Un matin de 1902, dans les ruelles encore calmes de Naha, un adolescent avance d’un pas décidé. Sa famille est riche, ses vêtements sont propres, mais dans son regard il y a une flamme qu’aucune fortune n’éteindra : la quête de vérité par l’art martial. Cet adolescent, c’est Chōjun Miyagi.
À quinze ans, il entre dans le dojo de Kanryō Higaonna, le maître sévère mais juste. Là, chaque soir, il transpire sur le kata Sanchin (三戦). Trois batailles : le corps, le souffle, l’esprit. Les autres élèves plient, abandonnent parfois, mais Miyagi reste, ses muscles brûlant, sa respiration sifflante, ses doigts engourdis par les makiwara.
« Plus fort que la mer, plus souple que le vent », disait Higaonna. Et Miyagi grava ces mots dans son cœur.
Lorsque son maître mourut, Miyagi, jeune homme, sentit le vide. Pour honorer Higaonna, il fit le voyage jusqu’à Fuzhou, en Chine, sur les traces des maîtres du Naha-te. Là-bas, dans des jardins parfumés de thé, il observa des moines pratiquer des mouvements spiralés, des souffles profonds, des mains qui semblaient puiser leur force dans le ventre de la terre. On lui montra des exercices qui deviendraient plus tard la chair et le sang de son style.
De retour à Okinawa, il forgea une synthèse : le dur et le souple (Go 剛 et Jū 柔). Le poing solide comme la roche, mais capable de se plier comme le bambou dans le vent. Ainsi naquit le Gōjū-ryū.

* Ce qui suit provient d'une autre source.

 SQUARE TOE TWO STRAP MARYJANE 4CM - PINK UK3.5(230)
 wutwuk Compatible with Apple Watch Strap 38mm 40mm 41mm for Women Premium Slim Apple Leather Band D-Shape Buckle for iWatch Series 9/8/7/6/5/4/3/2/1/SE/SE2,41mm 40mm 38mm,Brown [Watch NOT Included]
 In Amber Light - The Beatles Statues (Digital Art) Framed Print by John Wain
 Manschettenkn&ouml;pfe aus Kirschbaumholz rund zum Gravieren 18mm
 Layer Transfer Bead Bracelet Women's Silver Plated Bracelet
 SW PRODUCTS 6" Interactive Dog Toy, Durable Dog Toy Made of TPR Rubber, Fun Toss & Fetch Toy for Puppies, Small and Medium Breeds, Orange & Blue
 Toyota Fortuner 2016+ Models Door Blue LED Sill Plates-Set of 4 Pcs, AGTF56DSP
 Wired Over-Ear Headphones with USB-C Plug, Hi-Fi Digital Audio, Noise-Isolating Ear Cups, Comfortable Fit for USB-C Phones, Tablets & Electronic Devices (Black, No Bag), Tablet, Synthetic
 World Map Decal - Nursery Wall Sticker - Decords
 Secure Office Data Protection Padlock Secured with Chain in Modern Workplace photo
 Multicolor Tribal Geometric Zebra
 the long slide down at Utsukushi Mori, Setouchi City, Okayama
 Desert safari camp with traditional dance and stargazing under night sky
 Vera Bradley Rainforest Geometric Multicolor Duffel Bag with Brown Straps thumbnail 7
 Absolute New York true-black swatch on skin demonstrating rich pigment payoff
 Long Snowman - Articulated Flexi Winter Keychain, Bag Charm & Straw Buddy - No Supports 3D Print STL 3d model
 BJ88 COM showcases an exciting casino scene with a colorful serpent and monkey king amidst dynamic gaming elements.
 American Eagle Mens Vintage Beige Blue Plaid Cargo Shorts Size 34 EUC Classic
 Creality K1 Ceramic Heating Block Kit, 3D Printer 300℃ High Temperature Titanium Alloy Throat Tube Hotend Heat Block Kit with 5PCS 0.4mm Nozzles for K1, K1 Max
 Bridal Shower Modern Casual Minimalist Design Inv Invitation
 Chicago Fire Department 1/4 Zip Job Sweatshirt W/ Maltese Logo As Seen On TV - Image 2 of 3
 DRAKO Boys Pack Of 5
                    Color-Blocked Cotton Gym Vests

Dans son dojo, Miyagi corrigeait chaque détail. Son regard était perçant, mais son cœur patient. Il posait parfois la main sur le ventre d’un élève en lui disant :
« Respire ici. Le souffle est plus fort que le muscle. »
Les enfants du village venaient l’observer, fascinés par cet homme capable de briser une planche d’un coup de poing… puis, l’instant d’après, de caresser doucement le front d’un élève épuisé.
En 1930, il donna officiellement un nom à son école. Il s’était inspiré d’un vieux manuscrit chinois, le Bubishi, qui disait : "Tout dans l’univers respire le dur et le souple."
Le karaté cessait alors d’être une pratique secrète d’Okinawa pour entrer dans le Japon moderne. Miyagi fit des démonstrations à Tokyo, devant des professeurs et des militaires ébahis par l’énergie qui se dégageait de ses mouvements.
Pendant la guerre, il vécut des années sombres. Son dojo fut détruit par les bombardements. Il perdit un fils dans le chaos. Mais même au milieu des ruines, Miyagi continuait de pratiquer Sanchin, debout dans la poussière, comme un roc au milieu de la tempête.
Vers la fin de sa vie, ses cheveux blanchis, il enseignait surtout la paix. À ses élèves il répétait :
« Le véritable karatéka n’a pas besoin de montrer sa force. Le vrai combat est contre soi-même. »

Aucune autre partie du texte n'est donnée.